Official Solution:What is the least possible distance between a point on the circle \(x^2 + y^2 = 1\) and a point on the line \(y = \frac{3}{4} x - 3\) ?
A. \(1.4\)
B. \(\sqrt{2}\)
C. \(1.7\)
D. \(\sqrt{3}\)
E. \(2.0\)
Look at the diagram below:
Notice, that the circle represented by the equation \(x^2+y^2 = 1\) is centered at the origin and has the radius of \(r= \sqrt{1}=1\).
Now, the minimum distance from the circle to the line would be:
length of perpendicular from the origin to the line (as the circle is centered at the origin) minus the radius of a circle (which is 1).
So we should find the length of the perpendicular, or the height of the right triangle formed by the \(X\) and \(Y\) axis and the line \(y = \frac{3}{4}x-3\).
The legs of this triangle are: \(leg_1=4\) and \(leg_2=3\).
So we have the right triangle with legs 4 and 3 and hypotenuse 5. What is the height of this triangle (perpendicular from right angle to the hypotenuse)?

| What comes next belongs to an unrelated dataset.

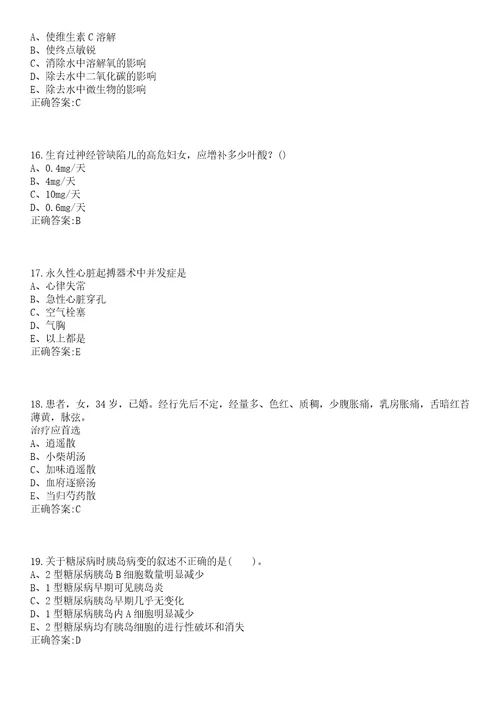 2022年10月湖南省岳阳经济技术开发区公开招聘15名乡镇卫生院医疗卫生专业技术工作人员一笔试参考题库含答案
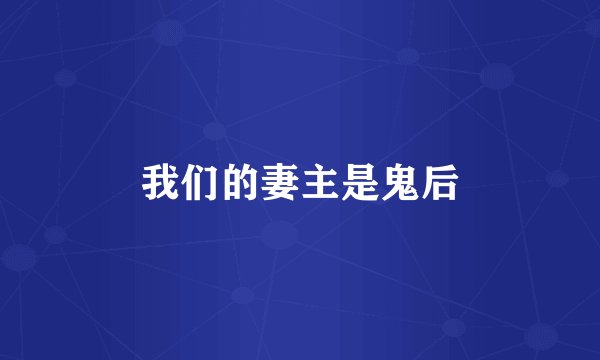 我们的妻主是鬼后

Since the perpendicular to the hypotenuse always divides the triangle into two triangles with the same properties as the original triangle: \(\frac{height}{leg_1}=\frac{leg_2}{hypotenuse}\). Hence \(\frac{height}{3}=\frac{4}{5}\), which gives \(height=2.4\).
\(distance=height-radius=2.4-1=1.4\)
Answer: A
I am not comfortable with graphical solution. Is there any way to solve such question without graph.